Walker no tiene interés en discutir sus condiciones de alojamiento con Born, ningún deseo de gastar saliva en una charla trivial. Sin hacer caso de su pregunta, le advierte: No lo he olvidado, ¿sabes? Sigo pensando en ello todo el tiempo.

¿Pensando en qué?

En lo que le hiciste a aquel chico.

Yo no le hice nada.

Por favor…

Una arremetida, eso fue todo. Tú estabas allí. Viste lo que pasó. Iba a matarnos. Si yo no lo hubiera atacado antes, los dos estaríamos muertos.

Pero la pistola no estaba cargada.

Eso no lo sabíamos, ¿verdad? Él dijo que iba a dispararnos, y si alguien me apunta con una pistola y dice que va a apretar el gatillo, me lo tomo en serio.

¿Y qué hay del parque? Más de doce puñaladas después de la primera. ¿Por qué cono lo hiciste?

Yo no lo hice. Sé que no me crees, pero no tuve nada que ver con eso. Sí, lo llevé al parque cuando tú te fuiste, pero al llegar ya era cadáver. ¿Por qué iba a seguir acuchillando a un muerto? Lo único que quería era largarme de allí lo antes posible.

Entonces, ¿quién lo hizo?

No tengo ni idea. Un enfermo. Un duende de la noche. Al fin y al cabo, Nueva York es un sitio siniestro. Podría haber sido cualquiera.

Hablé con la policía, ya sabes. A pesar de tu advertencia nada sutil.

Me lo suponía. Por eso me marché con tanta prisa.

Si eras inocente, ¿por qué no te quedaste para demostrarlo ante un tribunal?

¿Para qué? Al final me habrían absuelto, y no podía perder todo el tiempo que hubiera supuesto mi defensa. El chico merecía morir. Y murió. A eso se reduce todo.

Ningún remordimiento, entonces.

Ningún remordimiento. Ni el más mínimo. Ni siquiera te reprocho el haberte vuelto contra mí yendo a la policía. Hiciste lo que creías que estaba bien. Equivocadamente, desde luego, pero ése es tu problema, no el mío. Te salvé la vida, Adam. Recuérdalo. Si la pistola hubiera estado cargada, no pararías de darme las gracias por lo que hice. En realidad, el hecho de que no tuviese balas no cambia nada, ¿verdad? Si creíamos que las tenía, para nosotros estaba cargada.

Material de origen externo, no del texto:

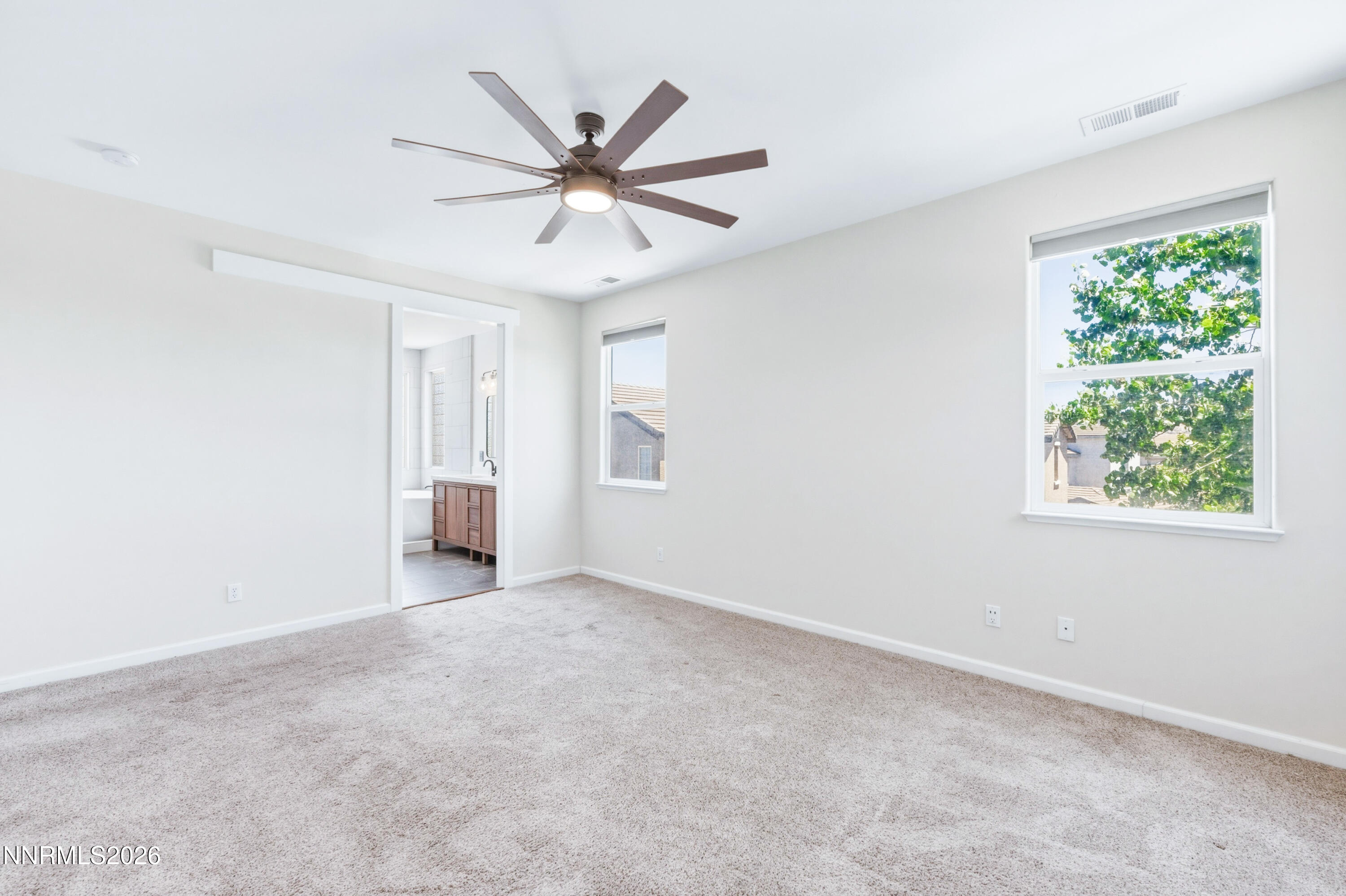 1770 Kodiak Circle Reno, NV 89511 - Photo 19 of 32 a view of a livingroom with a ceiling fan and window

Walker está dispuesto a darle la razón en eso, pero aún queda la cuestión del parque, de cómo y cuándo murió el chico, y no le cabe duda de que la versión que da Born de los acontecimientos es falsa: por la sencilla razón de que no pudo suceder tan deprisa. Una sola puñalada en el vientre podría resultar mortal, pero inevitablemente sería una muerte lenta y prolongada, lo que significa que Williams debía estar vivo cuando Born llegó al parque, y por tanto las nuevas heridas que acabaron matando al muchacho fueron infligidas por el propio Born. Es lo único que tiene sentido. ¿Por qué iba a molestarse alguien en apuñalar más de una docena de veces a un adolescente muerto? Si Williams aún respiraba cuando Born se marchó del parque, cabría la posibilidad de discutir la intervención de un segundo atacante —traída por los pelos, aunque verosímil—, pero sólo si el motivo hubiera sido el de robar el dinero al muchacho, y en primavera la policía dijo a Walker que no se había producido robo alguno. Encontraron una billetera en el bolsillo del chico, y en su interior había dieciséis dólares intactos, lo que elimina el robo como motivo del crimen. ¿Por qué iba a seguir acuchillando a un muerto? Porque no lo estaba, y seguiste clavándole la navaja hasta asegurarte de que ya era cadáver, y luego, incluso después de terminar la faena, continuaste apuñalándolo porque te cegaba la rabia, porque habías enloquecido y disfrutabas con lo que estabas haciendo.